YOUR INSTRUCTIONS »
How many lines in the records below include "priced"? Answer with the number only.

INPUT »

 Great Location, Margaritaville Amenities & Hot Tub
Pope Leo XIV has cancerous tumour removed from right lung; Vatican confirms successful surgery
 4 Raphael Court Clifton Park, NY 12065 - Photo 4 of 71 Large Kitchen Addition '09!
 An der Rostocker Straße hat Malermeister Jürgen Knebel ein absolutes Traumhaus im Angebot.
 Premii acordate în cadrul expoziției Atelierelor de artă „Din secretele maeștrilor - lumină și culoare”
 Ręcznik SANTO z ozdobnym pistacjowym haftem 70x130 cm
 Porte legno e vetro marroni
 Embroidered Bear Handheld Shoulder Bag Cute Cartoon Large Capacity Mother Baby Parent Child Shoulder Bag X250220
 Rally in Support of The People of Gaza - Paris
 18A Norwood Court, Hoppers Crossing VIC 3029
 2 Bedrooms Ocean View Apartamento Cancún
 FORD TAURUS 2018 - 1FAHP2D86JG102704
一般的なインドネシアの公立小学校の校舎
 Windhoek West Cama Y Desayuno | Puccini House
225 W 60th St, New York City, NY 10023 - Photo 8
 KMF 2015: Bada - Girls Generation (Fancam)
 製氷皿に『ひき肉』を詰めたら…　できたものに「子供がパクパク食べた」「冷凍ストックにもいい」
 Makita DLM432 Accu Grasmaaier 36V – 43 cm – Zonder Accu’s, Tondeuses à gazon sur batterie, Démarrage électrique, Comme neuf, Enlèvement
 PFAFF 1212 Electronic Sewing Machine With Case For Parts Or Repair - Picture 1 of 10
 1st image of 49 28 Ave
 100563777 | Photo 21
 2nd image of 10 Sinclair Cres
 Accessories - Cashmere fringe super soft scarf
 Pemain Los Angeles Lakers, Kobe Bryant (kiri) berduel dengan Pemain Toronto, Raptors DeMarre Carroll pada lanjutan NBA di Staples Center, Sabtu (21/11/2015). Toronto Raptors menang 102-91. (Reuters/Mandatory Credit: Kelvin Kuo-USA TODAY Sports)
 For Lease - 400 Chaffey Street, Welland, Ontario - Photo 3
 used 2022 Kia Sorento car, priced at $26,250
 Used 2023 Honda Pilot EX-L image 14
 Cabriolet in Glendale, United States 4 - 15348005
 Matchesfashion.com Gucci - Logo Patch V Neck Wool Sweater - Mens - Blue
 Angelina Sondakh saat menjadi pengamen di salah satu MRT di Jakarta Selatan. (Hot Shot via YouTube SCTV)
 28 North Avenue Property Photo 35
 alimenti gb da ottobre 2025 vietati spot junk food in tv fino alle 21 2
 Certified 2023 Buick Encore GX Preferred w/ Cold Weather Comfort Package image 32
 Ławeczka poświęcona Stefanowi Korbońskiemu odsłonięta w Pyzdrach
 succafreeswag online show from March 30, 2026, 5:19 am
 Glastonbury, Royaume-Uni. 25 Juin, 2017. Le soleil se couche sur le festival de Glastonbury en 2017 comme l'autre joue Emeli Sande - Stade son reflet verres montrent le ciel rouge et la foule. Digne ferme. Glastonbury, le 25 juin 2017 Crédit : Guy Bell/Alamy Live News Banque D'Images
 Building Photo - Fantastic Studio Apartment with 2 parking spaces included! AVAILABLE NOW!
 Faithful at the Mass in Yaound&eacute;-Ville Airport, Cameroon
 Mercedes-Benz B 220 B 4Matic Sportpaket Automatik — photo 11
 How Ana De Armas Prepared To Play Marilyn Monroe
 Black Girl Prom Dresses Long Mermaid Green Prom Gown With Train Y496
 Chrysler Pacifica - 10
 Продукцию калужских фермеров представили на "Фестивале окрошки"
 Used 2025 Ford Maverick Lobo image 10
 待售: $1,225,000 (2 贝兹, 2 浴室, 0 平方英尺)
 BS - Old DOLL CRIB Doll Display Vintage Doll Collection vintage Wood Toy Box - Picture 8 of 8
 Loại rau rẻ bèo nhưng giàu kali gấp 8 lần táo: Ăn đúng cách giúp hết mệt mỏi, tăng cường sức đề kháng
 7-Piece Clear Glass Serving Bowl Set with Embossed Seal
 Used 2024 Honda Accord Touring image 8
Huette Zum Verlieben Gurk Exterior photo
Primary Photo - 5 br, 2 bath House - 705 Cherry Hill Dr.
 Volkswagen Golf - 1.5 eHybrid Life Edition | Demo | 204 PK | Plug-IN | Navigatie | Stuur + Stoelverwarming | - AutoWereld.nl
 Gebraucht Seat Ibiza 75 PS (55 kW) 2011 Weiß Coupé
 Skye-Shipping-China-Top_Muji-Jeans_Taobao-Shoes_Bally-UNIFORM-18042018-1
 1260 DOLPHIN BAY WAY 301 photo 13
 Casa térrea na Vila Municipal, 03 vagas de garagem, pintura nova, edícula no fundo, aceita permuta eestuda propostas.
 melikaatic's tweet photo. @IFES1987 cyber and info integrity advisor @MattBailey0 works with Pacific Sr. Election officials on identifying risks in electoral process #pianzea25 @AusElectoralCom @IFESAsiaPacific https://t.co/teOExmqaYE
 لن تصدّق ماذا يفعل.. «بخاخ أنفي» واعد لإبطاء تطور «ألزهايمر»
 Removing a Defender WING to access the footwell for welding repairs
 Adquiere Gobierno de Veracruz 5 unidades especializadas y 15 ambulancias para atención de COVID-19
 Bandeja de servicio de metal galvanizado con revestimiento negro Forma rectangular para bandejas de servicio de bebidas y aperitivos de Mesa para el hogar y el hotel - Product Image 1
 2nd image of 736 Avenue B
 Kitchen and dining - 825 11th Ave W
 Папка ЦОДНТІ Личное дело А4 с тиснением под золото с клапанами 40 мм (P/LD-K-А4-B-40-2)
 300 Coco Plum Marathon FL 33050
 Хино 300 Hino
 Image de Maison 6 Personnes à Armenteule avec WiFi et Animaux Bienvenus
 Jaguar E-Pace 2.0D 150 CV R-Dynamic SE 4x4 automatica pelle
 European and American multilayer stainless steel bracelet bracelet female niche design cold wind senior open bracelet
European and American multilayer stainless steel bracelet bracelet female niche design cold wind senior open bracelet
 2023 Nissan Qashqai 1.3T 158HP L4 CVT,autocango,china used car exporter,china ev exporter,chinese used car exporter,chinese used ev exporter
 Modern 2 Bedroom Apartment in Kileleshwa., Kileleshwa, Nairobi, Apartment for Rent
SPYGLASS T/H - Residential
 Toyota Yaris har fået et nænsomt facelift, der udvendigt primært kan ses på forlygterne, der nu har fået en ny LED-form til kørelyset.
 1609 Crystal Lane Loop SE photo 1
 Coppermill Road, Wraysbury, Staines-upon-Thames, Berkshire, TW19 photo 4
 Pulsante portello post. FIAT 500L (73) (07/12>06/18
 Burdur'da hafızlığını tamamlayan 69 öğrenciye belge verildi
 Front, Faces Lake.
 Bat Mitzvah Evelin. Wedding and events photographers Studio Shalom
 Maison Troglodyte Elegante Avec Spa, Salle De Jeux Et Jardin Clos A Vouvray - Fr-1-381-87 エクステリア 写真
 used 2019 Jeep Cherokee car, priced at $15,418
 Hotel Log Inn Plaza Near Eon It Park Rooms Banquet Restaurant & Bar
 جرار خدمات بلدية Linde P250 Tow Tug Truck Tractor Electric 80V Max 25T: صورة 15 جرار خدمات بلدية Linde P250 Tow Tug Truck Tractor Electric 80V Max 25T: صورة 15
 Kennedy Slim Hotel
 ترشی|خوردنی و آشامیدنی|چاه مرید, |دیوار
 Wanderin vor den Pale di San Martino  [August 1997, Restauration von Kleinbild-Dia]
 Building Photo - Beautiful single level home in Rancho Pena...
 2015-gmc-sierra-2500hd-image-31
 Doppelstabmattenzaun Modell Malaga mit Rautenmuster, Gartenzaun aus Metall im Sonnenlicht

RESPONSE BELOW »
2